Well, now there's something else to monitor.
As you probably know, Wikipedia is "the free encyclopedia that anyone can edit." It is the world's largest wiki, which is a website that people can collaboratively draft and revise. (I often try to throw handy, helpful Wikipedia links into posts.) It's a great resource for quickly learning about basically anything. As Steve Carell's character Michael Scott said on "The Office":
Wikipedia is the best thing ever. Anyone in the world can write anything they want about any subject. So you know you are getting the best possible information.
Mind you, this came in the same episode where Michael said this:
It was a crime of passion, Jan. Not a disgruntled employee. Everyone here is extremely gruntled.
(Remind me to get my lawyers after NBC.) (Or as NBC calls them, "law stylists.")
Anyway, since anyone can edit a Wikipedia entry, nearly anyone does. Many Wikipedia contributors and editors log in to a free Wikipedia account, and make their contributions and edits "in the clear." But many others make their points anonymously, which can lead to abuse. Imagine a disgruntled employee firing up Wikipedia (anonymously, or perhaps pseudonymously), then amending her company's Wikipedia entry to include the intraoffice illicit affairs going on in the Sales Department. Or the secret cross-dressing in Accounting. Or whatever.
People can also embellish their company's Wikipedia entry. Dave Hoffman over at Concurring Opinions had a piece last summer about Wikipedia users at major law firms changing entries to "burnish their reputations and trash their competitors." See "A Slow Day at the Office: Lawyers Editing on Wikipedia." Robert Ambrogi had a similar collection at his LawSites blog.

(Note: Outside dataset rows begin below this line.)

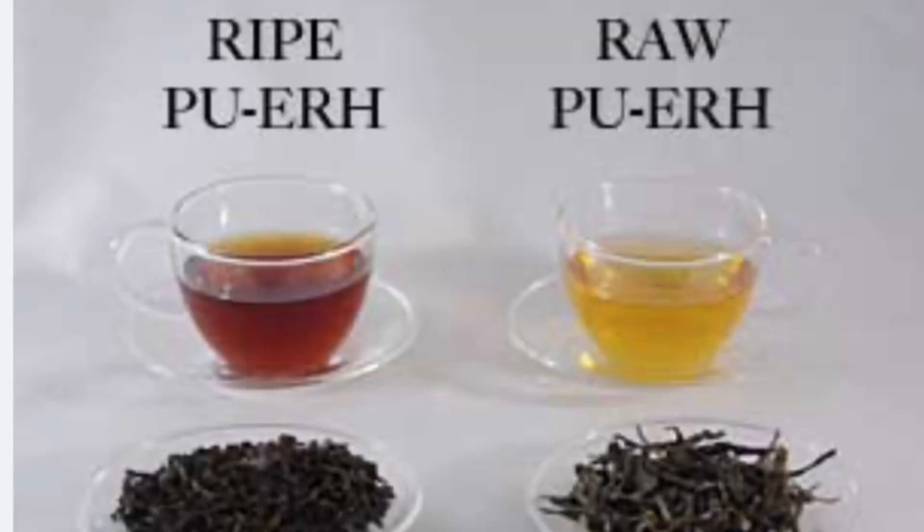Remember that puerh has two categories: raw and ripe. So raw puerh, also known as sheng puerh, is different than ripe puerh, which is shou puerh. For the point of this episode, we're going to talk about raw puerh and green, because there's not a lot of similarities between ripe puerh or shou puerh and green.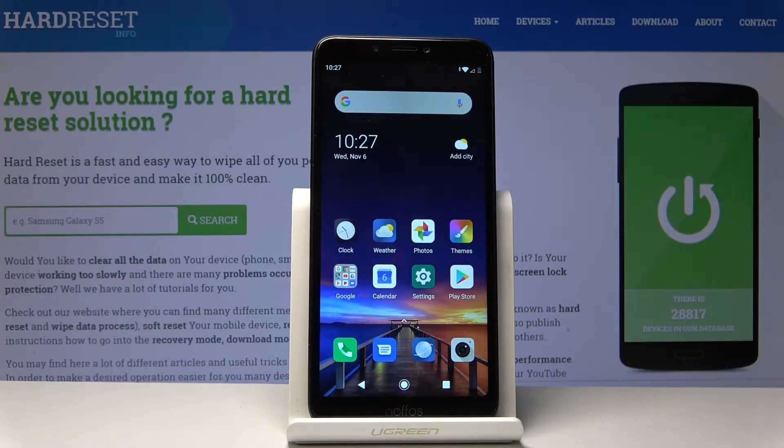Welcome to the Nufas C7S. Today I'll show you how to format an SD card on this device.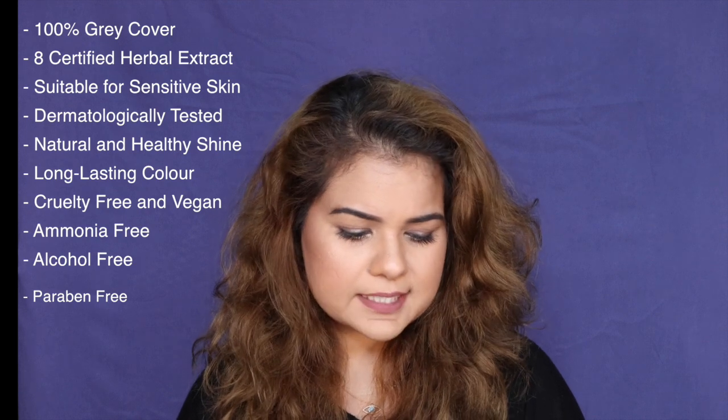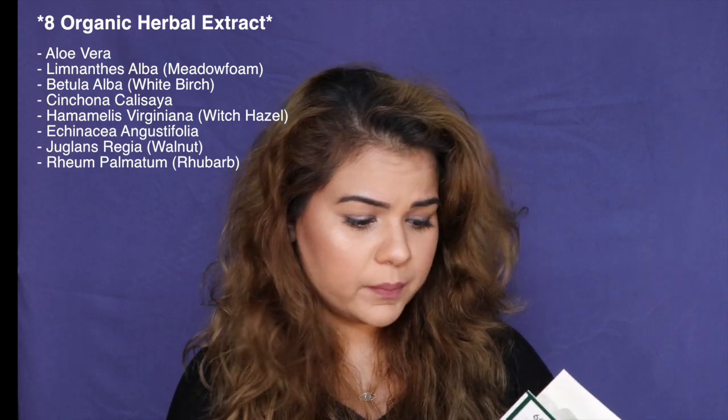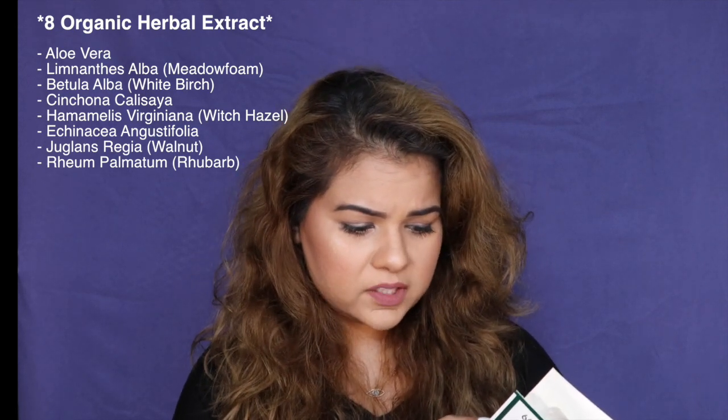Herba Tint permanent hair color gel covers your gray effectively while taking care of your hair, all thanks to the gentle and unique formula — a carefully balanced formulation, result of rigorous testing, achieving for each shade the perfect color result in the most gentle manner. It contains all eight herbal extracts. The box includes one Herba Tint hair color gel, one bottle of developer, one sample of royal cream, and one leaflet containing the directions for use. I opened this box hoping to find the gloves and I was just like "why don't they have any gloves?" — until I opened the leaflet and the gloves are literally stuck to it. I've never seen something like this — how cool was that!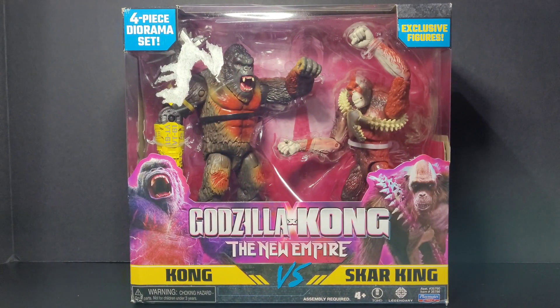Hey, what's going on, my kaiju fans? It's your boy Brian, GodzillaFan1954, and we are back with the nerd video. Today we're going to be doing a figure review on the four-piece diorama set — Godzilla x Kong: The New Empire — Kong versus Skar King.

But there's hope for HR pros and managers looking to see what their wiki-wielding workers (OK, I promise I won't do that again) are doing to their corporate entries. Last year, Cal Tech grad student and hacker extraordinaire Virgil Griffith created WikiScanner, a tool that links Wikipedia edits to the companies and organizations owning the computers that made the edits. In other words, say you're sitting at your desk at Dow Chemical, and you want to anonymously remove references on the Dow Wikipedia entry to Bhopal or breast implants. You make your changes and lurk off into the night. But WikiScanner will rat you out, by cross-referencing the IP address of your Dow computer to the IP addresses known to be assigned to Dow. While WikiScanner can't identify your particular machine, it's likely that the company's IT geek squad can narrow it down to your station.
Wired magazine wrote an article last year announcing WikiScanner and including a list of the most salacious edits, including the Dow example I cited, plus edits from Diebold, Exxon, and the Church of Scientology. (No word on whether Tom Cruise's IP address has shown up yet.) An employee at Wal-Mart, everyone's favorite employer, edited the entry to say that workers there were underpaid (here).

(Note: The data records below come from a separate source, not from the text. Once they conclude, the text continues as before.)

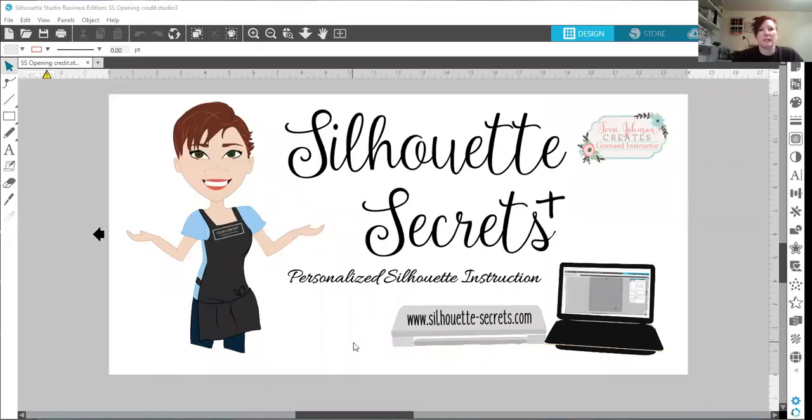Hi everyone, this is Ellie Mae with Silhouette Secrets. Today I'm going to talk to you a little bit about the Silhouette Sketch Pens and using a sketch design. We're also going to look at a sketch font and see how that looks, and then we're going to take a design that was free with the Cameo machine and show you how to change that into a sketch.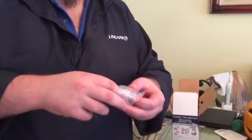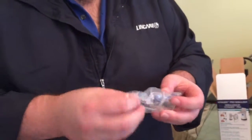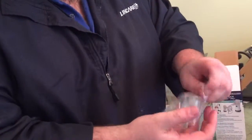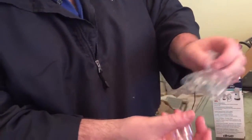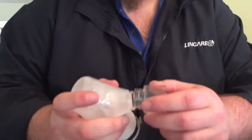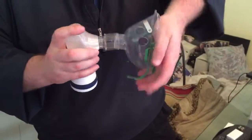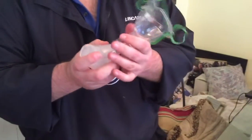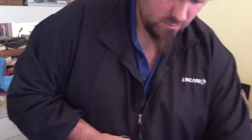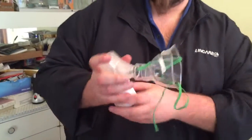This is the attachment for the masks. It goes on to the end right here where the mouthpiece goes — short end goes on just like so — and then you'll attach one of the masks to the big end, just like that.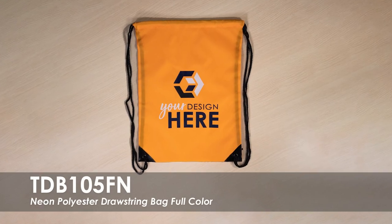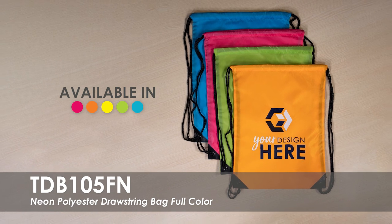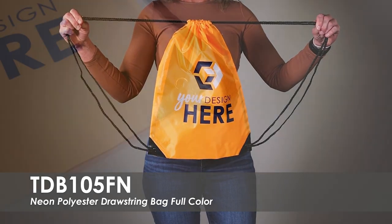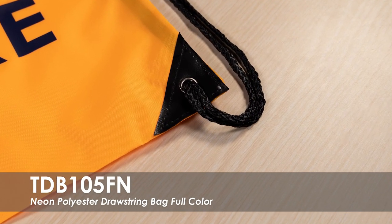This video highlights our Full Color Neon Polyester Drawstring Bag. This bag comes in over three neon product colors with a full color imprint. It is made of water-resistant polyester material that is easy to clean, with simulated black leather trim and grommets to reinforce the bottom corners.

To be sure, searches on WikiScanner will probably show you that most employees are editing entries on "buttock cleavage" (found on the computers at the US House of Representatives here) or "Hispanic porn stars" (ditto) or "chest hair" (ditto). (Not to be outdone, the US Senate — here — appears interested in "cow tipping," "fast casual dining restaurants," and whether Han shot first in the cantina.) (He did.)

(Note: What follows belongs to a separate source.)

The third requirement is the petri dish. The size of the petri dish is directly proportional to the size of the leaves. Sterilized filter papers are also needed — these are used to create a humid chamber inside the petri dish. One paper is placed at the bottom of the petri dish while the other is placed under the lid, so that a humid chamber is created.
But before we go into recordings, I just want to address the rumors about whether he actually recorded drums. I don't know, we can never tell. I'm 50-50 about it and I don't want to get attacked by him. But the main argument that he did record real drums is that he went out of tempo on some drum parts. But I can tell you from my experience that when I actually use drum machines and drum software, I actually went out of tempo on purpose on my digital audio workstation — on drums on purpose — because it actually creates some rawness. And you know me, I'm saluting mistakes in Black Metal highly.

But if your company is big enough to merit its own Wikipedia entry (and by "merit," I mean that you or one of your coworkers wrote one), then you may want to check in with WikiScanner and see if your employees are trashing your company or its customers.
Or maybe they're just sharing "canker-sore stories" (yep, the Senate again).
[Big shout out to Christopher Mirabile, long-time Gruntled reader and idea-generator, for pointing out the WikiScanner phenomenon.]